Biblicism Right and Left

As I remarked here some years ago in a post titled "The Bible and Conservative Politics," conservative Evangelicals had no principled way of deciding when and how specific biblical legal teachings should form part of the modern civil law. As I concluded, 
One should not rule out of bounds arguments in the public square that do appeal to authority, including the authority of the Bible. But if Evangelicals wish to make such arguments, they would be well-advised to be able articulately to answer the question why the modern state should enforce the prohibition against theft and not the commandment forbidding idolatry.
To cause equal-opportunity offense, it is important to observe the Prog-Left Evangelicals do the same and nowhere more often of late than with respect to immigration in general and DACA in particular. The Bible has much to say about treatment of strangers and sojourners in the land of Israel and virtually all of it is positive. Jonathan Burnside and Christopher J.H. Wright have done much to bring out the depth and situated-ness of Torah on these and related issues. God does and his people are to welcome the stranger/alien/sojourner and treat them equally according to (almost all of) the Law. And the prophets pick up and even extend this theme. As Jeremiah Unterman notes in “Justice for All”,
Most interesting is the statement in Ezekiel's depiction of the future division of the land in the time of redemption that "'the gerim [strangers/resident aliens] who reside among you, who have given birth to children among you,' are given land within the tribes among whom they reside (47:22-23)--something that the Torah nowhere considers.
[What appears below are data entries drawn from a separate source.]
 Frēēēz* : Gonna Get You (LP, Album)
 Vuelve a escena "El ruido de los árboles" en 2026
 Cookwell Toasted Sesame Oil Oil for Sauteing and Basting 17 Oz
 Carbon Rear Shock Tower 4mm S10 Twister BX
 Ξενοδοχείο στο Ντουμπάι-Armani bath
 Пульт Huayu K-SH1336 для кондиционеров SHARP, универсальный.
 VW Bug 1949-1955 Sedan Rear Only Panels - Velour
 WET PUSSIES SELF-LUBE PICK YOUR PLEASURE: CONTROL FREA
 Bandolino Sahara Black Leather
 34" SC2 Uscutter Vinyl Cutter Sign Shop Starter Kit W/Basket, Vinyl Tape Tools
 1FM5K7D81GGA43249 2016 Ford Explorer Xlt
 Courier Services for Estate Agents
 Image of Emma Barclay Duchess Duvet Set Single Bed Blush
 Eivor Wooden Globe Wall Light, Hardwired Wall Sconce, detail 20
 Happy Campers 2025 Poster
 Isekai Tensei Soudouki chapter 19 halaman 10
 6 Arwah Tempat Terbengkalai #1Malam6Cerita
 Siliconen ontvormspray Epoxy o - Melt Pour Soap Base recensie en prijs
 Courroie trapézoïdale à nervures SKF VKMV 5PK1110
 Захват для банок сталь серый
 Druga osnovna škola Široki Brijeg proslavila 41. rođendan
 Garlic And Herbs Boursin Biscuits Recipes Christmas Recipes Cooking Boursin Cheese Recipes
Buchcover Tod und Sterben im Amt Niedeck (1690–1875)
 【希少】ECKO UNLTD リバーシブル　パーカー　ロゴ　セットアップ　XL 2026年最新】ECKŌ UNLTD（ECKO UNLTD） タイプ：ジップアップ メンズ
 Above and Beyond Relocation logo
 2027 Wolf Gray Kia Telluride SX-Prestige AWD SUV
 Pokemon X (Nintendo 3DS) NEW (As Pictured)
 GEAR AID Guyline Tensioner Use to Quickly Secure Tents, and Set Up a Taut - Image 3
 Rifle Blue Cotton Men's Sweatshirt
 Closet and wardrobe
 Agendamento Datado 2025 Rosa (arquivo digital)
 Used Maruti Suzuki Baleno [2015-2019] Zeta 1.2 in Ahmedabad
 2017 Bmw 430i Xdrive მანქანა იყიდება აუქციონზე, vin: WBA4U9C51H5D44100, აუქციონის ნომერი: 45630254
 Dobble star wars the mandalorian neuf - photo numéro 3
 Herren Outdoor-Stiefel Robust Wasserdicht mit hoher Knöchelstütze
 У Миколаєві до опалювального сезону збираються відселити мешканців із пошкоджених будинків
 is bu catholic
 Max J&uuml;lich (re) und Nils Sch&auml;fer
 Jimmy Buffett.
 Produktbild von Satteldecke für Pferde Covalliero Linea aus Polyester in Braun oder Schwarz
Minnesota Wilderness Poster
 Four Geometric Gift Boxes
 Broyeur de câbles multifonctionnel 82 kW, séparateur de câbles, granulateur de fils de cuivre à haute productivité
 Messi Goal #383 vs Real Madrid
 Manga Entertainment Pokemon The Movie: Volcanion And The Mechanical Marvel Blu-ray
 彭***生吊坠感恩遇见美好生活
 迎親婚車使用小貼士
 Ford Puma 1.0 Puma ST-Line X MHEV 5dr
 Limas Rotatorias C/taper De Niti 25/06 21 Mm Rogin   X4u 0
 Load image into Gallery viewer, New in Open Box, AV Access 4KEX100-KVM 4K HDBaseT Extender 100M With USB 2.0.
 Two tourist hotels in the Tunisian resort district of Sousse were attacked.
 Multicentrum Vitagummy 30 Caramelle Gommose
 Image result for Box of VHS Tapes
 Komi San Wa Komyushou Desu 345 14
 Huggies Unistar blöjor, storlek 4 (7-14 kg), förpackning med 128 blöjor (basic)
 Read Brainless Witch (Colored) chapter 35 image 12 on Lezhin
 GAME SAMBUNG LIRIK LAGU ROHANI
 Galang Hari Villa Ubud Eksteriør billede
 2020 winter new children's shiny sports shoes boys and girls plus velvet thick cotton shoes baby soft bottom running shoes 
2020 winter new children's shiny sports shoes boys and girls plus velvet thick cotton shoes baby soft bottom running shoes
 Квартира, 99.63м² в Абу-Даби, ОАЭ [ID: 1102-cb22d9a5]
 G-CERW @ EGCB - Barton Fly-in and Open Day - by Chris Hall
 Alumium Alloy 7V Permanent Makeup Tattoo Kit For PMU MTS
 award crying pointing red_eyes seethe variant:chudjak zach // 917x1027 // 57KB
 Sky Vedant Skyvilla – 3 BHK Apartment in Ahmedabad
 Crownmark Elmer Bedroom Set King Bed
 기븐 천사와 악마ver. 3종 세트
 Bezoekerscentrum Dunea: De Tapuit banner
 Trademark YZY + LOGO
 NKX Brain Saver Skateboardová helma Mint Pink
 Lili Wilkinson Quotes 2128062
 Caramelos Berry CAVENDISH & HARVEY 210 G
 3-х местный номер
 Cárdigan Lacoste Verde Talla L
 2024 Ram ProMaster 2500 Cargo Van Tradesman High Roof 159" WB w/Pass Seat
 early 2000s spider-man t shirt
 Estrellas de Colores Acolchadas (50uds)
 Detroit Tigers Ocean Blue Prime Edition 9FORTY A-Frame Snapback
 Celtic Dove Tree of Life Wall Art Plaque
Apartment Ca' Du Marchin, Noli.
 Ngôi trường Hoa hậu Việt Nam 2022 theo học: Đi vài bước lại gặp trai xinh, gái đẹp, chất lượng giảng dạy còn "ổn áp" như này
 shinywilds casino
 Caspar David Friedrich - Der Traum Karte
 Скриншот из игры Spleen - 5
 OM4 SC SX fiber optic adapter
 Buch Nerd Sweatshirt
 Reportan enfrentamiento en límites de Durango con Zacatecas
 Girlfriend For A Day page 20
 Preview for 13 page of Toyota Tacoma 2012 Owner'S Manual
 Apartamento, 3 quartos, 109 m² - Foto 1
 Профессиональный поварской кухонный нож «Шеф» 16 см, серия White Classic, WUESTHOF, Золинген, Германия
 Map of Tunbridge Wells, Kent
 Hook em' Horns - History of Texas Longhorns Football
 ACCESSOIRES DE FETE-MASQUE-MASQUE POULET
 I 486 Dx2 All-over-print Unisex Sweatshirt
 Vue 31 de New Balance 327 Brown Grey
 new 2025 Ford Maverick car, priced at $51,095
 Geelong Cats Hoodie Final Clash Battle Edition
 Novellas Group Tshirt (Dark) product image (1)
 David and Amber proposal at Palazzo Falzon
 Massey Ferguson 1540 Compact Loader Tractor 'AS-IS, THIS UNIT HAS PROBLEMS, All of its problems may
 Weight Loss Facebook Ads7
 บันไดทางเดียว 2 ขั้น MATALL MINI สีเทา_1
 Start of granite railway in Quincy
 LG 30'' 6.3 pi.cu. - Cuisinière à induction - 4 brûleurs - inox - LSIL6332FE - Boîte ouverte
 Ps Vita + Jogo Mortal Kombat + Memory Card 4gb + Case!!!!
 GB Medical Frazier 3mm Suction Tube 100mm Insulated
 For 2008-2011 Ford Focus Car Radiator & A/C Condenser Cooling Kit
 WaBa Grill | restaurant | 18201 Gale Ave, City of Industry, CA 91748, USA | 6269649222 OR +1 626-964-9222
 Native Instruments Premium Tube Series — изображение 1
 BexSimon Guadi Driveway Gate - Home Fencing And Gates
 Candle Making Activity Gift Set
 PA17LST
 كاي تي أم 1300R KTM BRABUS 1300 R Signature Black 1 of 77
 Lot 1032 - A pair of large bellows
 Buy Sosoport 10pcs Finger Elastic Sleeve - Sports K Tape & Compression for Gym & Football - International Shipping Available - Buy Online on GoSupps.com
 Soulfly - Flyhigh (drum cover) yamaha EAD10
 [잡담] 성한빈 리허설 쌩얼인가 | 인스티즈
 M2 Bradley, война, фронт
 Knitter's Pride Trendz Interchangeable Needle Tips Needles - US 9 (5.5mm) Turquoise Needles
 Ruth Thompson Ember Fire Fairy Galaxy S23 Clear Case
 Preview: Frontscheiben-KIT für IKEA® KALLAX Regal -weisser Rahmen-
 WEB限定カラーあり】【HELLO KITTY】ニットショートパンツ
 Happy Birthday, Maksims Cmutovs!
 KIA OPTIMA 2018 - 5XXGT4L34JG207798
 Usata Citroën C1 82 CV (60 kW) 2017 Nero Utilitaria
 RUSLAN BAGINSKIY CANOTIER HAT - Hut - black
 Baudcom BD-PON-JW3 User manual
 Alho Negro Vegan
So, does the teaching of the Torah as adumbrated by the prophets provide the singular roadmap for American immigration policy? It would seem not. As Mark Tooley writes here, “There should always be great caution in claiming direct biblical commands for political specifics. Evangelicals, who historically emphasize Scripture alone as authority, are especially prone to this rhetoric of ‘biblical’ policy goals.” And Tooley concludes that
It is facile to claim, as is routine for many religious activists, that divine commands to Israel about caring for the poor or sojourners directly mandate specific welfare or immigration policies for any nation state of today. Activists on these causes instead need actually to provide arguments and evidence for their perspectives. They also need modestly to accept the need for compromise in a consensual modern society not governed by kings and prophets with access to direct divine inspiration.
Bible-affirming Protestants of whatever political persuasion need to recover the moral-theological resources of the past and understand the nuanced policies of the present if they hope to do anything more than signal their virtue on any issue including immigration law.